=== YOUR OBJECTIVE ===
Please copy out the full listing that follows exactly; no picture belongs in the copy.

=== RECORDED DATA ===
※
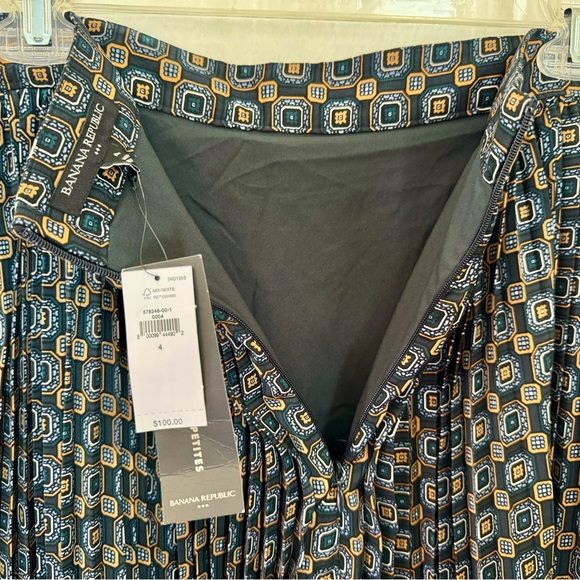 BANANA REPUBLIC MAXI SKIRT. OCTAGON PATTERN. LINED, SOFT, PLEATED SKIRT. NWT - Picture 8 of 15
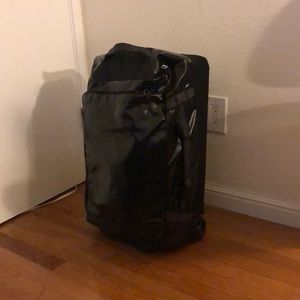 Patagonia black hole Roller bag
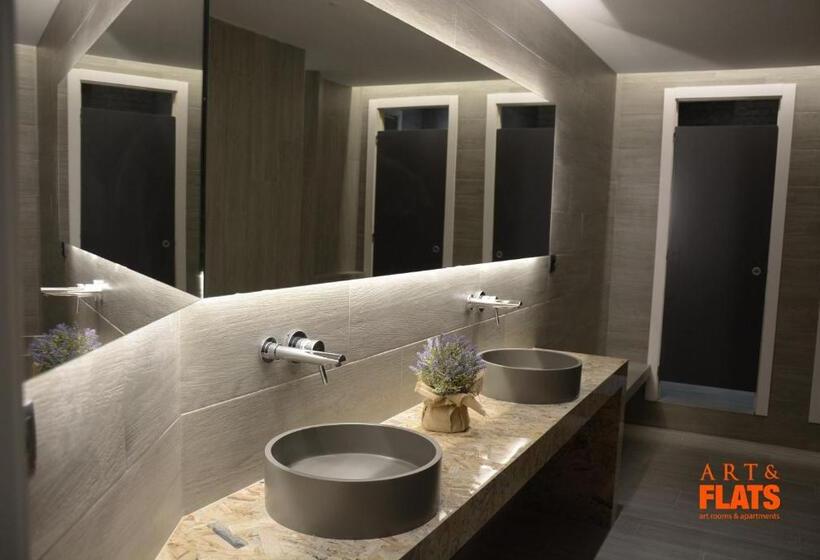 مبيت وإفطار Art&flats Hostel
※
=== EXPECTED ANSWER ===
 BANANA REPUBLIC MAXI SKIRT. OCTAGON PATTERN. LINED, SOFT, PLEATED SKIRT. NWT - Picture 8 of 15
 Patagonia black hole Roller bag
 مبيت وإفطار Art&flats Hostel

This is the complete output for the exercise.